Athens, May 20 (AFP/APP): Greece’s culture ministry on Friday said the Nobel Foundation in Sweden had returned an ancient gold ring stolen from the island of Rhodes during World War II.

The announcement came just days after a UNESCO body said Greece and Britain had agreed to hold formal talks on the Parthenon marbles currently on display at the British Museum in London.

The Mycenaean signet ring, marked with a pair of winged sphinxes, was formally returned at a ceremony in Stockholm on Thursday, the ministry said.

It had been found in Rhodes during a 1927 excavation at a Mycenaean necropolis by the Italian School of Archaeology, at a time when the island was under Italian control.

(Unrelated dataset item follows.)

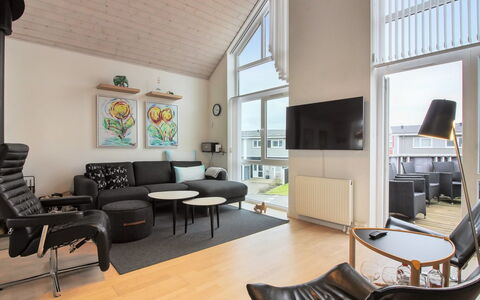Borica - 700M from the Sea: Decke, Flooring, Interior Design, Fussboden, Verbundwerkstoff, Möbel, Resort, Hotel, Design, Daylighting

The ring was stolen during World War II from the local archaeological museum alongside other antiquities that have yet to be recovered, the ministry said in a statement.

It eventually surfaced in the United States, purchased by Hungarian Nobel prize-winning biophysicist Georg von Békésy, whose collection was acquired by the Nobel Foundation following his death in 1972.

The ring was kept at the Stockholm Museum of Mediterranean and Near Eastern Antiquities. Its identity was confirmed in 1975 by the museum’s then director, archaeologist and Mycenaean era expert Carl Gustaf Styrenius.

The ring will return to the Rhodes archaeological museum, the ministry said.

The Mycenaean era was the last phase of the Bronze Age in ancient Greece, spanning the period from approximately 1600 to 1100 BCE.

Earlier this week, the UNESCO committee on the return of cultural property (ICPRCP) said Britain in April had invited Greece to talks on the fate of the Parthenon Marbles.

Greece had accepted “and a meeting between the parties is about to be arranged in due course,” the UNESCO committee said.

The Parthenon temple was built in the 5th century BCE on the Acropolis to honour Athena, the patron goddess of Athens.

In the early 1800s, workmen stripped entire friezes from the monument on the orders of the British ambassador to the Ottoman Empire, Lord Elgin.

Elgin sold the marbles to the British government, which in 1817 passed them on to the British Museum where they remain one of its most prized exhibits.

Athens says the sculptures were stolen.